• [WORK REQUEST] What are the lines below, starting at the line containing "Slightly more posteriorly, again" and ending at the line containing "That is how"? Write them out exactly, ends included, without pictures.

• [INFORMATION SUPPLIED]
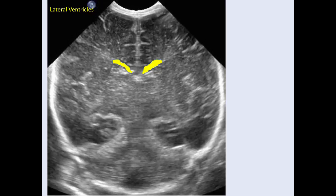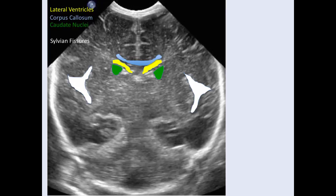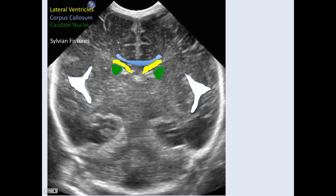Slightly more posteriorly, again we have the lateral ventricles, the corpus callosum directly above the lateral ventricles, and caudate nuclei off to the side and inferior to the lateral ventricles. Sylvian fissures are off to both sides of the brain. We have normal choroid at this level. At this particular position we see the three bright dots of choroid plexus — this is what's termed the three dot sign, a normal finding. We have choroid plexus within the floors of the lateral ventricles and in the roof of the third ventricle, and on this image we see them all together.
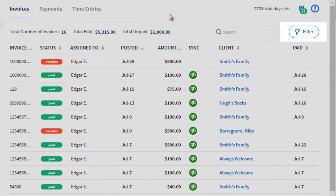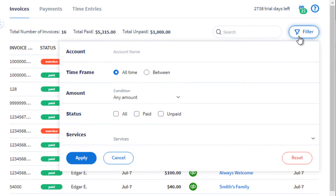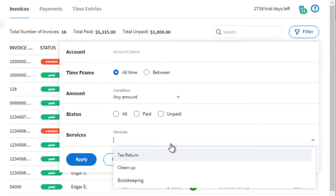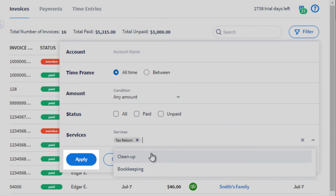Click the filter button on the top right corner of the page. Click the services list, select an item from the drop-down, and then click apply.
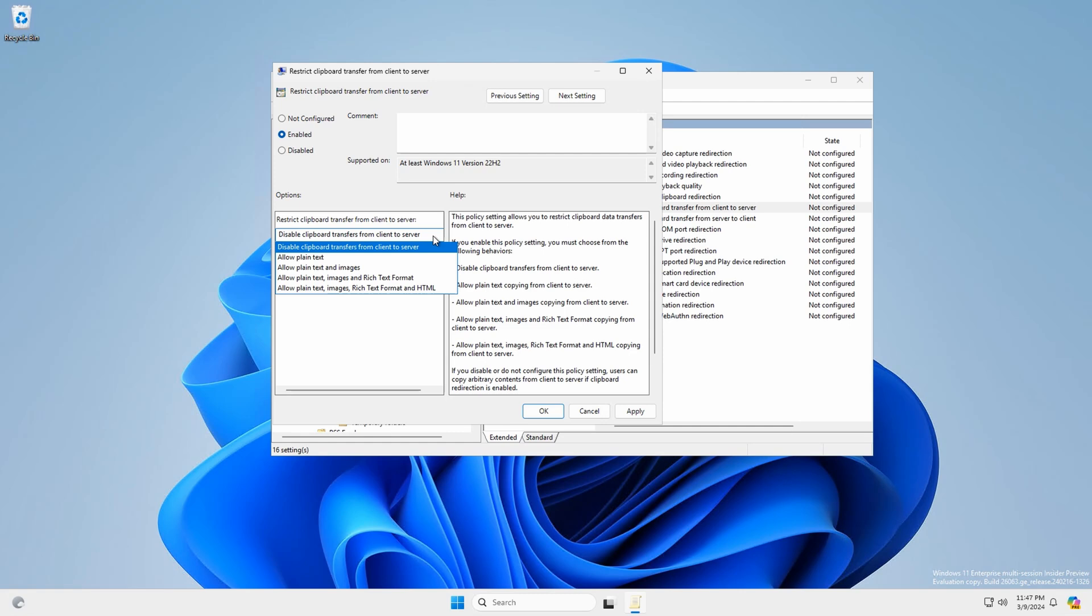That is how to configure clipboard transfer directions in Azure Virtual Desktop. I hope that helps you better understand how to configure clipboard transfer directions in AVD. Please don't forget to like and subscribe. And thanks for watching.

==

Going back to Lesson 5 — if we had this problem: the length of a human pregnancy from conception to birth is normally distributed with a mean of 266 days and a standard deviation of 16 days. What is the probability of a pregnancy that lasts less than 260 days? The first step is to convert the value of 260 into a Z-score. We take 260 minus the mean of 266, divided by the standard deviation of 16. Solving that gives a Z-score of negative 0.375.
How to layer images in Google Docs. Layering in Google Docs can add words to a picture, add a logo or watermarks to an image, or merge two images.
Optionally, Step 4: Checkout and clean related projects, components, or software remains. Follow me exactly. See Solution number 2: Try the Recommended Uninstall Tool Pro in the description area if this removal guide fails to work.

...

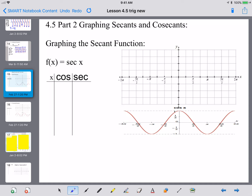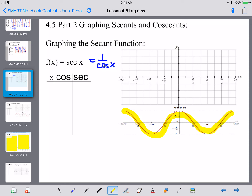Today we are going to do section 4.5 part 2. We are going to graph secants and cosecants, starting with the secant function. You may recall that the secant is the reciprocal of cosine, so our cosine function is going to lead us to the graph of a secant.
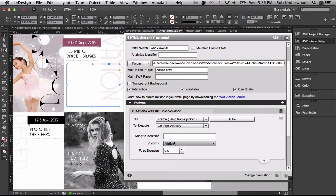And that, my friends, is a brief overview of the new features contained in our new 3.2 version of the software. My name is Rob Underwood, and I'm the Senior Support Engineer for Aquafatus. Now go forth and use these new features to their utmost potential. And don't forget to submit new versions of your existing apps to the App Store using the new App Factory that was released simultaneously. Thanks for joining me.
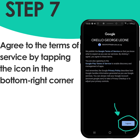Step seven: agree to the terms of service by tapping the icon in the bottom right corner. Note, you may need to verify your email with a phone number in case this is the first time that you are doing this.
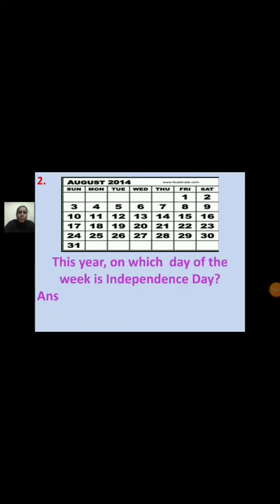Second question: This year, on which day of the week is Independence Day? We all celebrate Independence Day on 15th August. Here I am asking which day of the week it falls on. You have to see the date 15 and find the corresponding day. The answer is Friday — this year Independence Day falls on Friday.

• [OUTPUT]
Slightly more posteriorly, again we have the lateral ventricles, the corpus callosum directly above the lateral ventricles, and caudate nuclei off to the side and inferior to the lateral ventricles. Sylvian fissures are off to both sides of the brain. We have normal choroid at this level. At this particular position we see the three bright dots of choroid plexus — this is what's termed the three dot sign, a normal finding. We have choroid plexus within the floors of the lateral ventricles and in the roof of the third ventricle, and on this image we see them all together.
Click the filter button on the top right corner of the page. Click the services list, select an item from the drop-down, and then click apply.
That is how to configure clipboard transfer directions in Azure Virtual Desktop. I hope that helps you better understand how to configure clipboard transfer directions in AVD. Please don't forget to like and subscribe. And thanks for watching.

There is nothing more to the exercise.